ASSIGNED TASK:
Nothing but the lines from the one containing "SUPERIOR MESENTERIC VEIN INFILTRATION" through the last line of the records belongs in the answer, copied exactly and with the pictures left out.

RECORDS TO PROCESS:
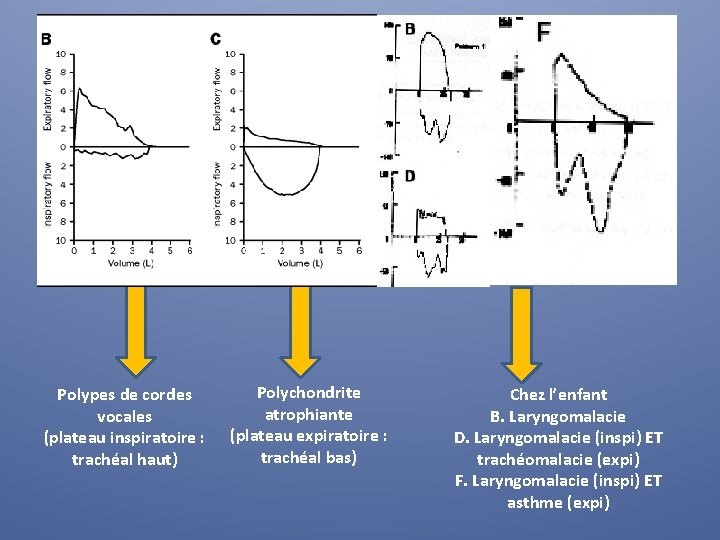 Polypes de cordes vocales (plateau inspiratoire : trachéal haut) Polychondrite atrophiante (plateau expiratoire :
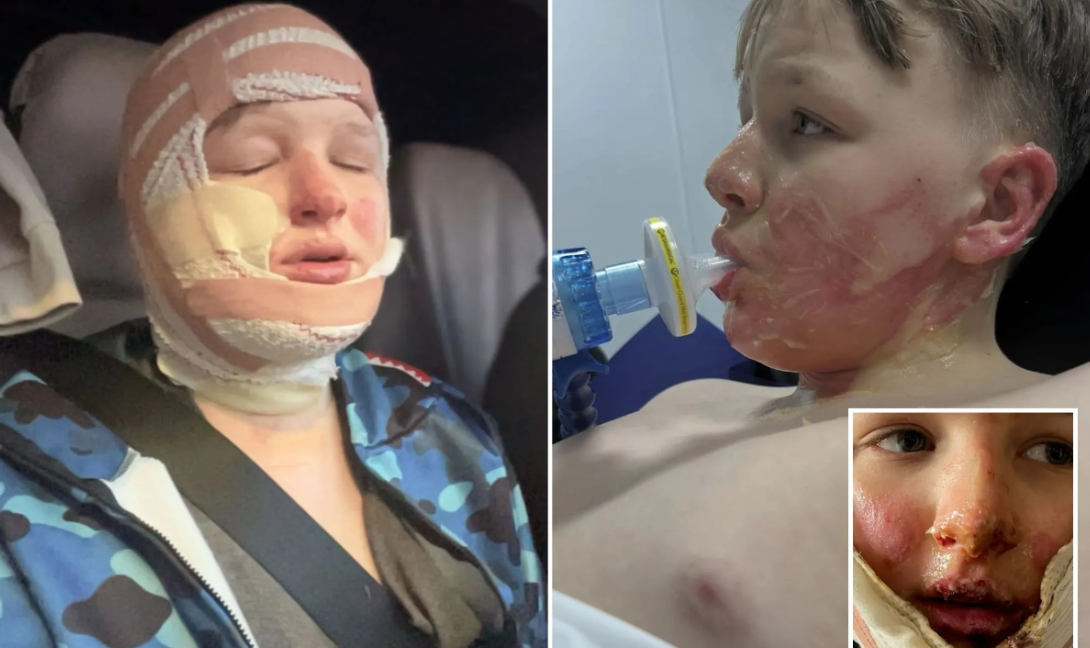 Αγγλία: Φρικτός τραυματισμός μαθητή από ανάφλεξη δοχείου αεροζόλ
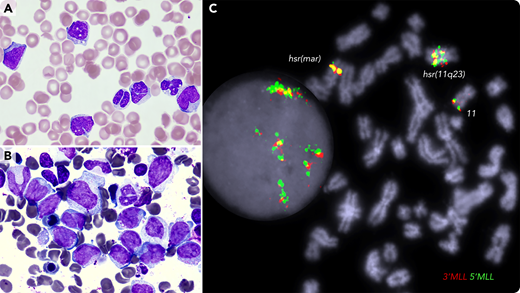 A 72-year-old female with a history of JAK2-mutated essential thrombocythemia presented with easy bruising and hematuria; white blood cell count of 33 × 109/L; monocyte count of 4.95 × 109/L; platelet count of 35 × 109/L; prothrombin time of 17.1 seconds; APTT, 71 seconds; fibrinogen level of 1.74 g/L; D-dimer of 80 000 µg/L FEU; indicative of disseminative intravascular coagulation (DIC). The blood film (panel A; May-Grünwald-Giemsa stain, 100× objective, original magnification ×1000) showed vacuolated blasts, monocytosis, dysplastic neutrophils, red cell fragments, and thrombocytopenia. Bone marrow smear (panel B; May-Grünwald-Giemsa stain, 100× objective, original magnification ×1000) showed large blasts and hypogranulated granulocytes; by flow cytometry, blasts (41%) were positive for CD34, CD33, CD15, CD38, and cMPO. Molecular karyotyping identified a complex genome with chromothrypsis within the 11q23/qter segment, resulting in amplification of many genes, including the MLL gene. Fluorescence in situ hybridization analysis detected MLL amplification and mapped it at the hrs (homogenously stained) regions (panel C; 100× objective, original magnification ×1000; DAPI staining). Next-generation sequencing identified TP53 p.Arg248Gln (VAF 98%), JAK2 p.Val617Phe (VAF 64%), and BCORL1 p.Pro482GlnfsTer16 (VAF 18%) variants. The patient was treated with daily blood products, venetoclax and azacytidine. She died 2 weeks later with refractory leukemia and persistent DIC.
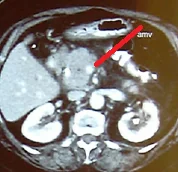SUPERIOR MESENTERIC VEIN INFILTRATION 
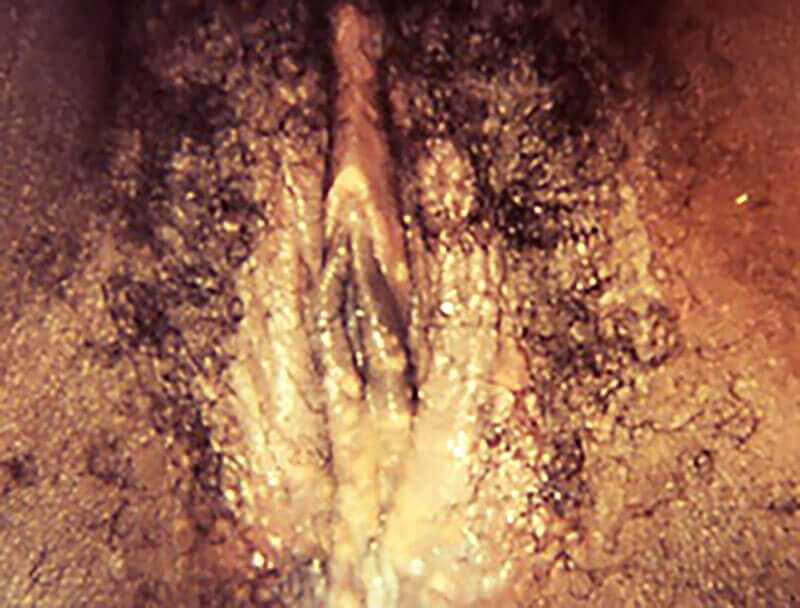 Herpes Pictures Genital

FINAL ANSWER:
SUPERIOR MESENTERIC VEIN INFILTRATION 
 Herpes Pictures Genital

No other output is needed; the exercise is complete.